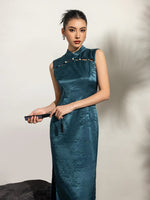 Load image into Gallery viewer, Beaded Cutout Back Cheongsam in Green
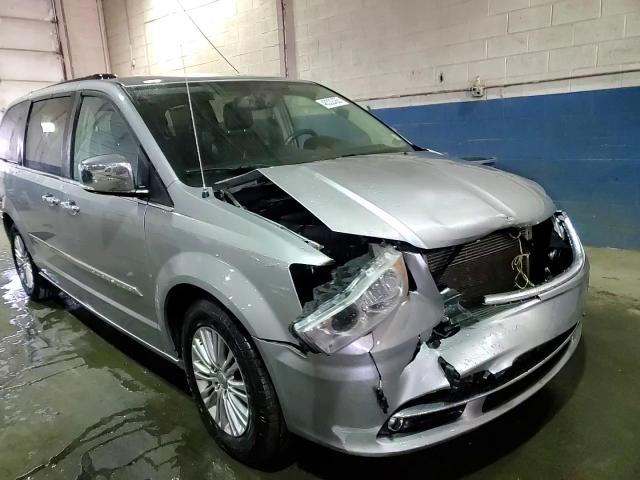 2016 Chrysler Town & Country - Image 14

⁂

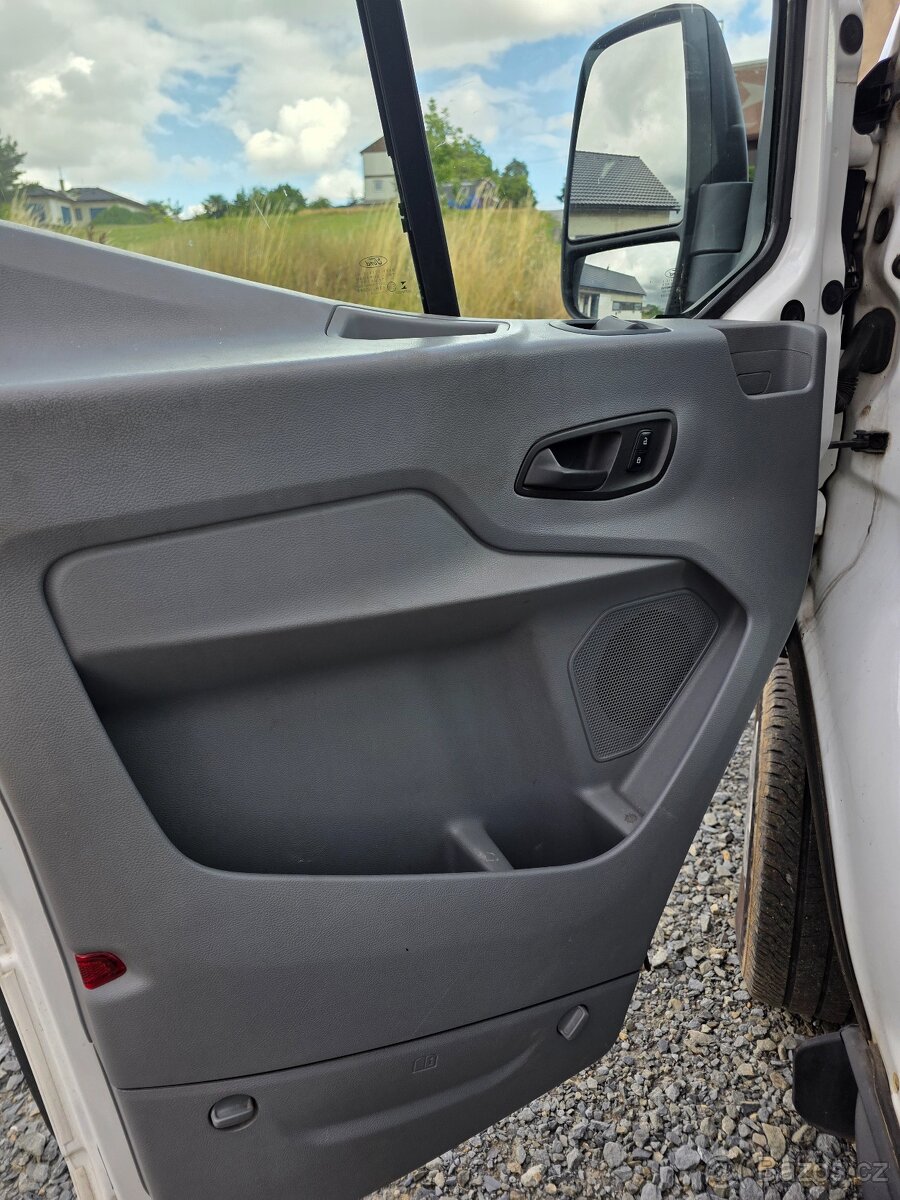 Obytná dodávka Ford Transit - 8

⁂

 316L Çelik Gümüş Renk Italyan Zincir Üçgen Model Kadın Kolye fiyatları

⁂

WORK TASK → Look above for the line with "Load image into" and the line with "2016 Chrysler Town & Country - Image 14". Copy them and every line between, exactly, but no pictures.

ANSWER TO THIS PROBLEM →
 Load image into Gallery viewer, Beaded Cutout Back Cheongsam in Green
 2016 Chrysler Town & Country - Image 14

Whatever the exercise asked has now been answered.